Bvlgari Serpenti Pallini High-Jewelry
Bulgari introduces the Serpenti Pallini trilogy, featuring high-jewellery watches with diamond-encrusted designs and the brand's Piccolissimo mechanical movement. ShareFor the past decade, Bulgari’s ultra-thin Octo Finissimo watches have garnered widespread acclaim, but Bulgari’s true legacy lies in its high-jewellery creations, particularly the iconic Serpenti collection. Bulgari’s Serpenti watches, adorned with gemstones, flexible Tubogas straps, and even tourbillons, have become synonymous with the brand’s creative spirit. At this year’s Geneva Watch Days, Bulgari unveiled a new trilogy of Serpenti Pallini jewellery watches, all featuring the brand’s miniature Piccolissimo calibre. This trilogy draws inspiration from Bulgari’s historical designs, with the Pallini beads adding an exquisite layer of movement and sparkle.

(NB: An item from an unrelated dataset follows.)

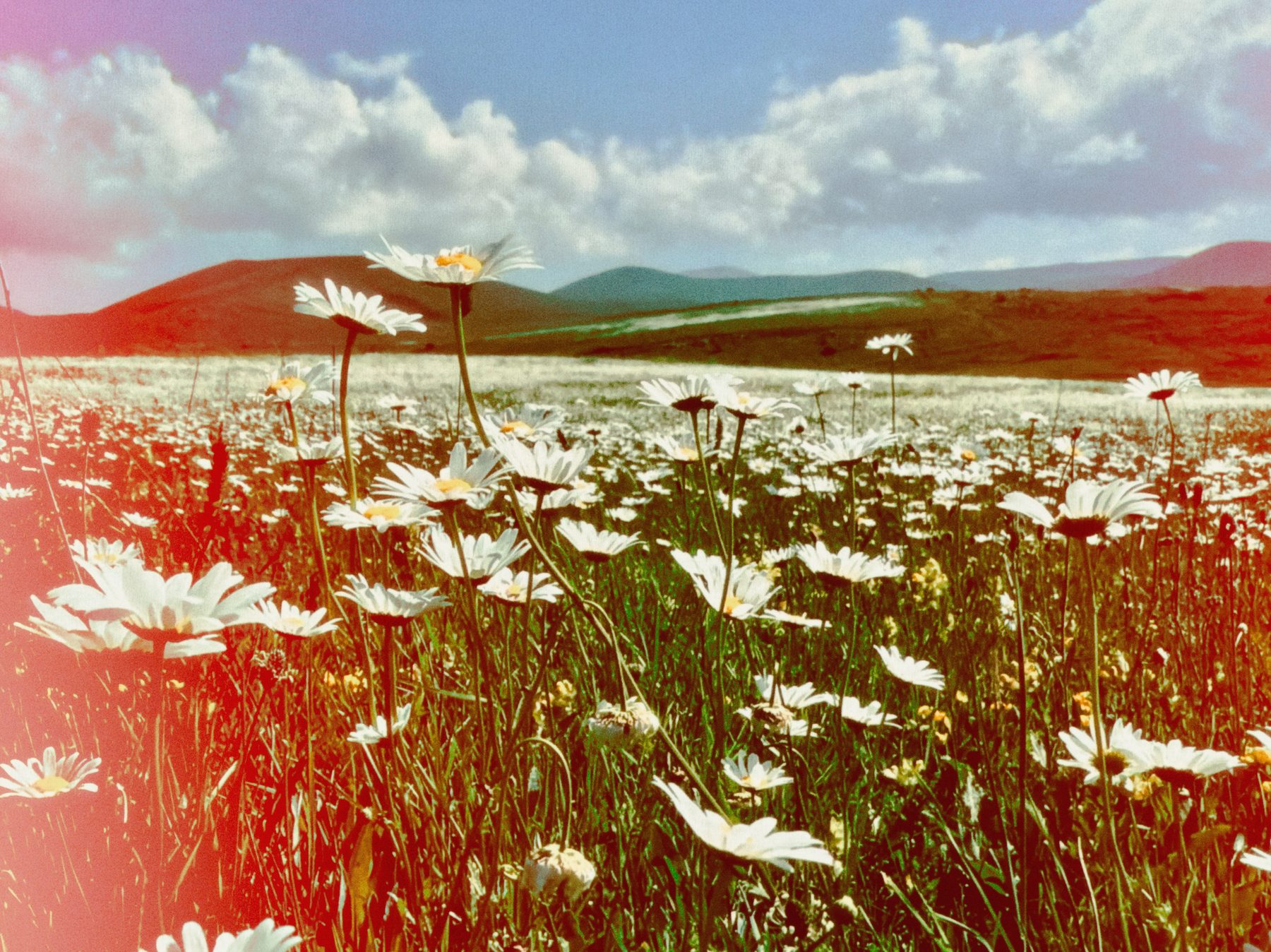 A field of daisies with a warm red and pink light leak washing across the frame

Bulgari introduced its first Serpenti watch in the late 1940s, featuring the now-famous Tubogas coiled bracelet. By the mid-1950s, the Serpenti evolved to incorporate more lifelike features, with the snake’s head cleverly concealing the watch dial beneath a hinged cover. The new trilogy of Serpenti Pallini watches is inspired by a 1955 five-turn bracelet watch, adorned with tiny yellow gold beads and diamonds, complete with emerald eyes on a platinum head.

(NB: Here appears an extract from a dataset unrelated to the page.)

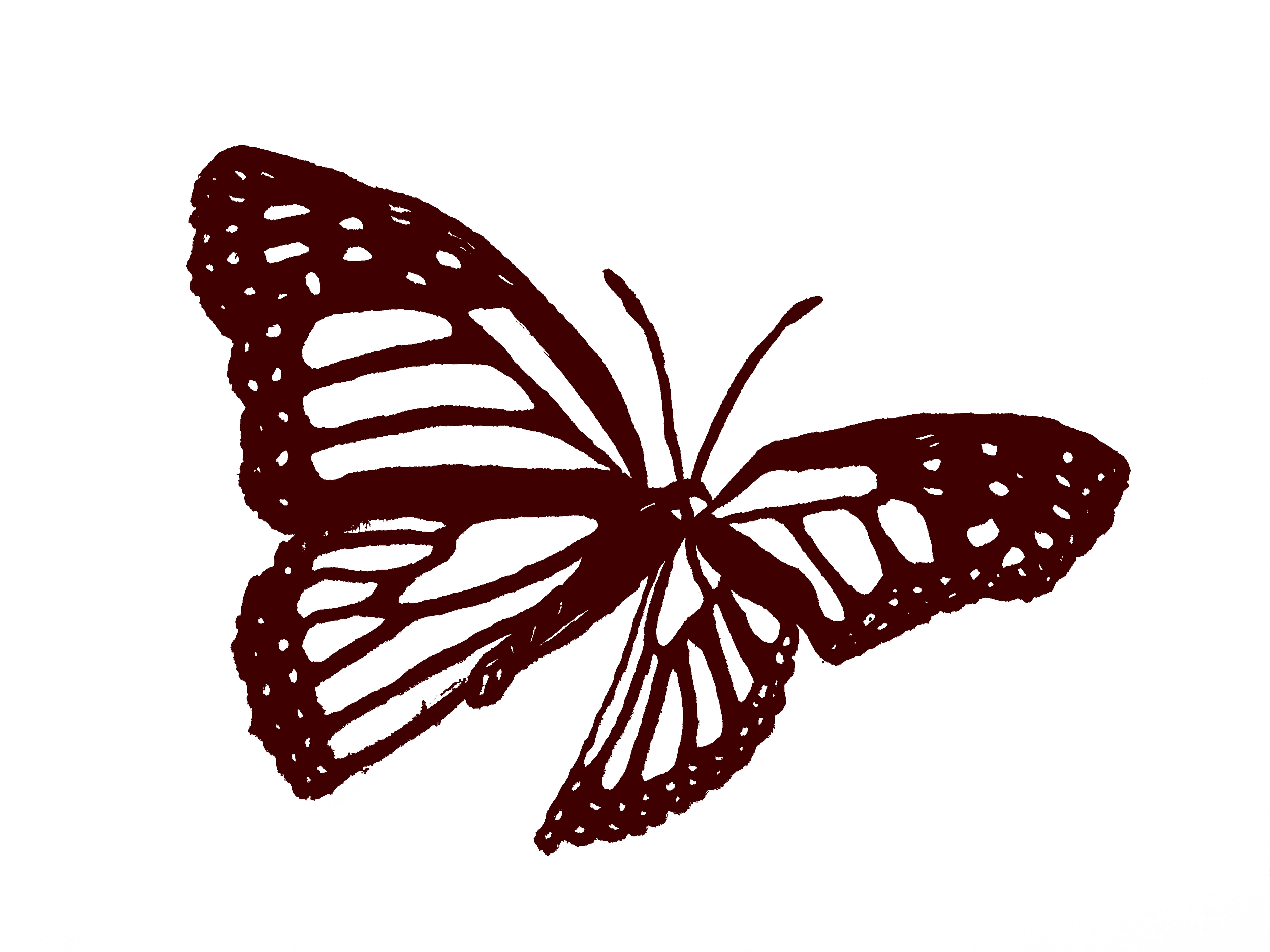 Hand-drawn butterfly illustration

The three Serpenti Pallini watches coil twice around the wrist, with the scales composed of either small gold beads or brilliant-cut diamonds. Each bead or diamond is meticulously set on a gold mesh, using a technique inspired by the en tremblant method, a decorative style that originated in 18th-century France. This method, revived by Bulgari in the 1950s and 1960s for its jewellery, gives the pieces a unique tremor-like movement, adding dynamism to the already captivating designs.
Serpenti Pallini (104027)
This model introduces the Serpenti Pallini in yellow gold, featuring an articulated bracelet adorned with gold beads that shimmer with movement. The yellow gold design has a vintage flair, while the white gold tail is set with brilliant-cut diamonds. The snake’s head, set with two pear-shaped emerald eyes, opens to reveal a dial with a mother-of-pearl background, diamond indices, and green hands, echoing the emerald eyes.
Serpenti Pallini (104026)
Taking the opulence up a notch, this model in rose gold features pallini beads interspersed with brilliant-cut diamonds. The white gold tail and snake’s head are adorned with larger diamonds, while the pear-cut emerald eyes add a vibrant contrast. The dial is pavé-set with diamonds, matching the glittering mouth cavity of the snake.
Serpenti Pallini (104025)
The pinnacle of this high-jewellery collection is the fully diamond-encrusted white gold model, boasting an astounding 66.31 carats of brilliant-cut diamonds. The pallini beads sparkle with every movement, and larger diamonds adorn the snake’s tail and head. As with the other models, the pear-cut emerald eyes provide a striking pop of colour amidst the glittering diamonds.
At the heart of the Serpenti Pallini collection is Bulgari’s miniature marvel, the Piccolissimo calibre. This tiny mechanical movement, created in Bulgari’s Le Sentier manufacture, is the smallest round mechanical movement ever made by the brand. Measuring just 2.55mm in thickness and weighing a mere 1.30 grams, the Piccolissimo calibre beats at 21,600 vibrations per hour (vph) and has a power reserve of 30 hours. An ingenious design allows the dial to swivel by half a turn, so the watch can be worn on either wrist, offering flexibility and functionality in addition to its stunning aesthetic.